America’s Ban(d) of Thugs

During a recent pseudo-political circus gathering for a certain comically precarious presidential candidate, a familiar face took the stage to show support for the Republican nominee. Like many other conservative politicians vying for a seat at his illustrious table might have done, Sarah Palin lauded Trump and displayed her resentment for the various protesting individuals and groups throughout the campaign trail.

Before I address the primary concern of this article, I would be remiss if I didn’t state the following:  Protesters are American citizens. Protestors are American citizens with legitimate concerns.

One would think that someone who aspires to preside over American citizens would respect the Constitution with the resolve to support his fellow citizens—or at the very least, hear about their concerns while performing some degree of simulated sympathy. President Barak Obama has exhibited such excellence in responding to protests. However, the importance of having a president with character and integrity, who encourages freedom of speech with the foreknowledge that such freedoms can be used against him/her, is a discussion for another article.

This article is about the words uttered from the mouth of Sarah Palin, many right-wing conservatives, certain liberals, and even self-proclaimed independents. Palin described the  protesting at Trump’s gatherings as “petty, punkass, little thuggery stuff that’s been going on… quote un-quote protesters.” Palin’s adjective of choice was “thuggery.” Root word thug.

The term “thug” has been thrown around frequently over the past 5 years. It was the term used to justify the six lead bullets (at least) that were unloaded into eighteen-year-old Michael Brown’s body in Ferguson Missouri. It was the term used to defend George Zimmerman’s righteous fear for his life at the image of a sixteen-year-old Trayvon Martin. It was the word used to describe the cocky nature of a Stanford University graduate, founder of a charity for low income communities, and Super bowl winning cornerback Richard Sherman. The term was thrown around as Cam Newton dabbed throughout his 15-1 season. The list of thug usage literally goes on and on.

Google thug. Read the definition. Ask yourself does that definition consistent with the behavior or characteristics of the people I previously mentioned. The term is defined as “a violent person; especially a criminal.”

My mother has often described the game of football as a violent one, but of all the “violent criminals” on the field, Cam Newton is a thug? As for Trayvon Martin, much of the conversation that surrounded me was speculation centered on whether or not he was a “good kid.” Shouldn’t the character of the person who disobeyed police orders to cease pursuit of the suspect young man be the one facing moral trial? Where in Richard Sherman’s resume can you find any violence or criminal activity?  At Donald Trump rallies who is being assaulted, and who is perpetuating the violence? Isn’t it the front-running Republican presidential candidate that urged his faithful followers to “knock them out,” offering to pay the legal fees of anyone who might commit a crime against these protesters? America, either we know the answers to these questions, or we don’t want to know the answers. Clearly the current usage of “thug” doesn’t match the meaning. Thug has evolved. It has become a term used exclusively for black people, to describe…to describe what exactly?

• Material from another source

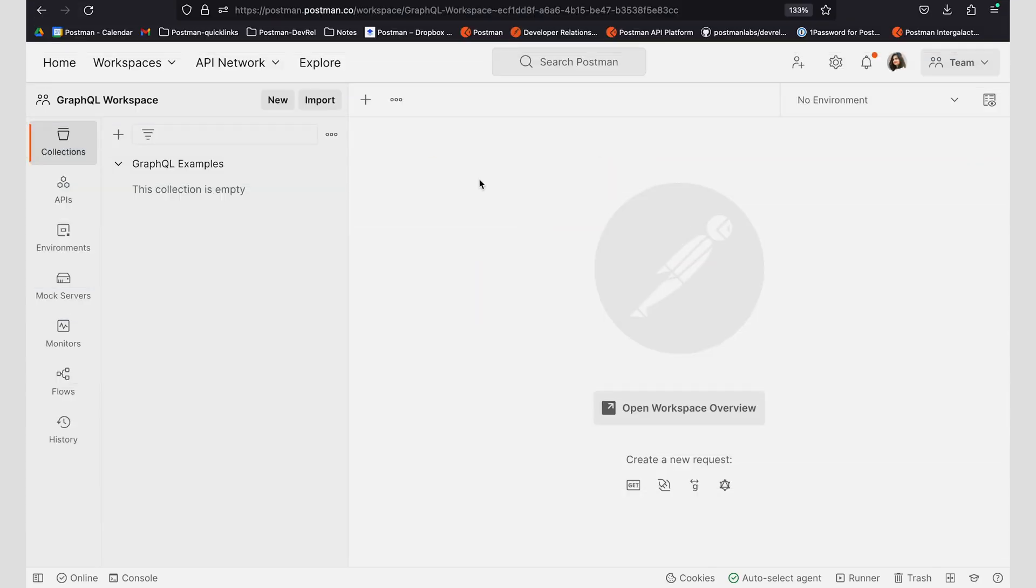In this video, I'm going to be showing you how to import a schema using GraphQL in Postman.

Since as far back as I can remember, the early 90s, anger and violence has been strategically stitched to the fabric of African American DNA. Black people have been portrayed as inherently mischievous, aggressive, violent creatures. I was reminded of this as I listened to George Zimmerman describe the terrifying aggressive beast that would attack him. How he feared for his life. Martin, Detective Serino said, “has no criminal record whatsoever. Good kid. Mild-mannered kid.”In his possession, Serino said, “we found a can of iced tea and a bag of Skittles and about $40 in cash. Not a goon.”

Yet Zimmerman feared for HIS life. It’s the same fear that choked Eric Garner to death and beat Rodney King. It’s that same fear that compels people to “make America great again” at all costs. Growing up I learned to keep my mouth shut, be polite, and do whatever I can to “get home safely,” when dealing with law enforcement, because, as long as my skin is dark, I will always look like a thug, a criminal, a violent being to some people. Thug is terrorist. Thug is illegal immigrant. Thug is kike. Thug is nigger. One can not use the word “thuggery” except out of hatred.

Beyond the racially-charged underpinnings of the recent usage of thug, Palin’s comment irritated me for a more important reason. Whether or not you agree with politicians, professors, or peers, if the concerns that you have and the ideologies you are willing to rally for as an American are labeled as “petty” by the individuals who seek to govern you, with no doubt, you should have cause for concern. The issues that are important to you—that govern your freedom, your family, and your very survival are far from petty. Opening your mouth and protesting for these rights cannot and should not make you a “thug.”

While I’m tempted to blame Donald Trump for rousing and resurrecting an angry 21st century Confederate army across the country, and while I am more angry at Ben Carson for joining this army than I am at Sarah Palin, I know that Trump is obviously not the sole source of racism in America. I also know that his supporters aren’t the only people getting angry. I know that Americans are unhappy. We are tweeting, speaking, protesting, and most importantly voting, because we have a long way to go to Make America Great Again (for everyone).